== Work task ==
All lines from the one containing "Торт День города" to the end of the listing below should be output exactly; omit the pictures.

== Dataset excerpt ==
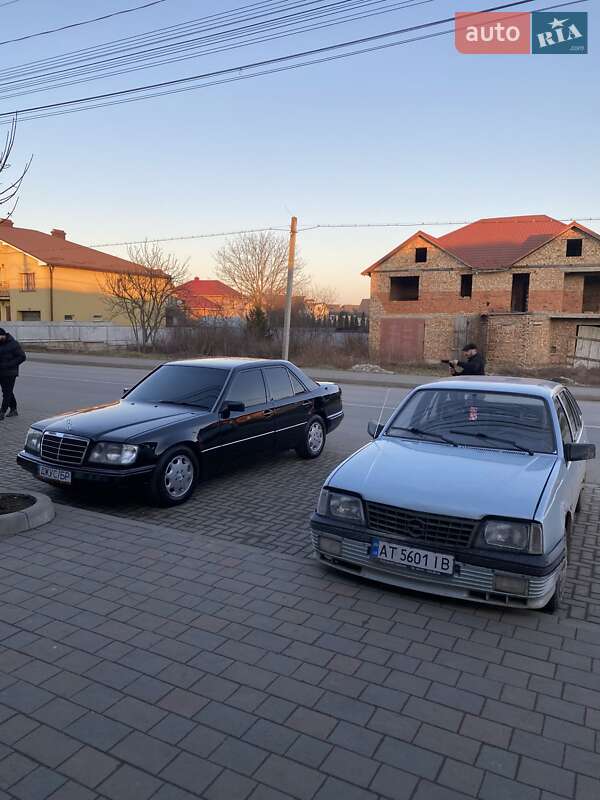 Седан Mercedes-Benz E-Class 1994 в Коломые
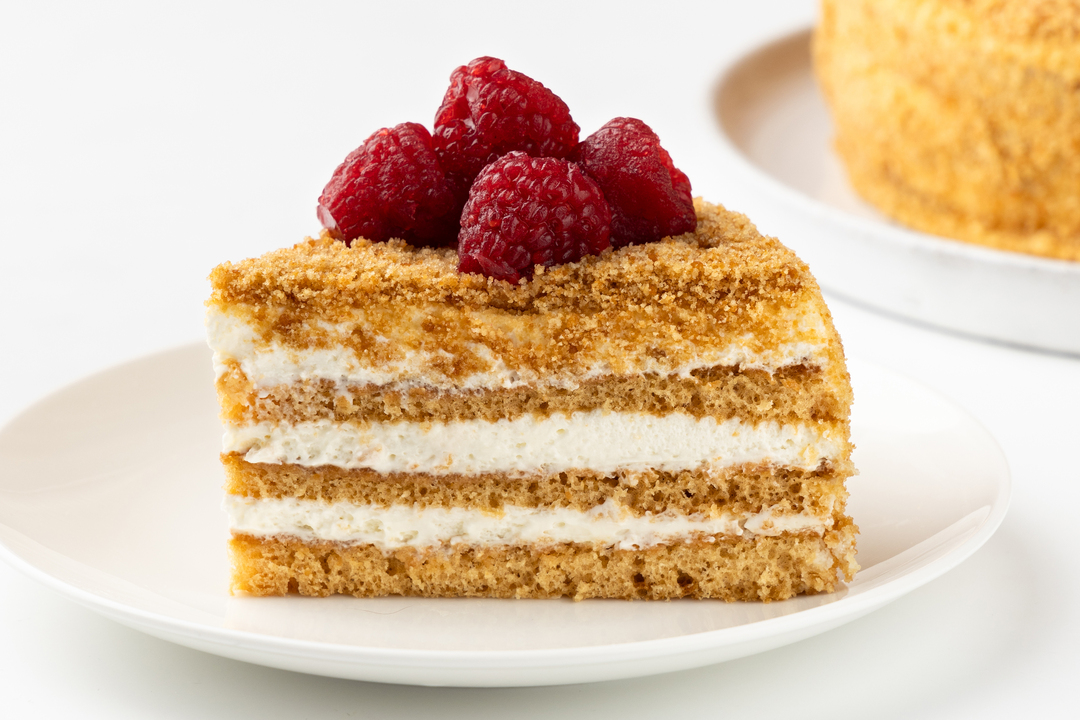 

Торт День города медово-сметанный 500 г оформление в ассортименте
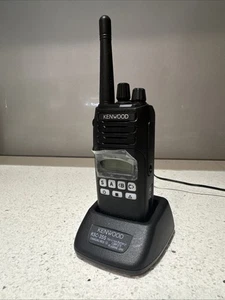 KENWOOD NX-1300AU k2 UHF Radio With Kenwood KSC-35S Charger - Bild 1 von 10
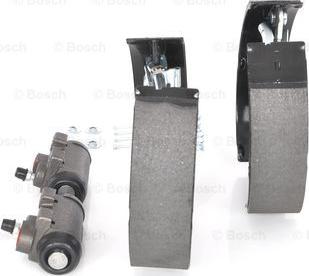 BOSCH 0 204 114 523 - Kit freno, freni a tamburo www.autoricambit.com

== Result of the exercise ==
Торт День города медово-сметанный 500 г оформление в ассортименте
 KENWOOD NX-1300AU k2 UHF Radio With Kenwood KSC-35S Charger - Bild 1 von 10
 BOSCH 0 204 114 523 - Kit freno, freni a tamburo www.autoricambit.com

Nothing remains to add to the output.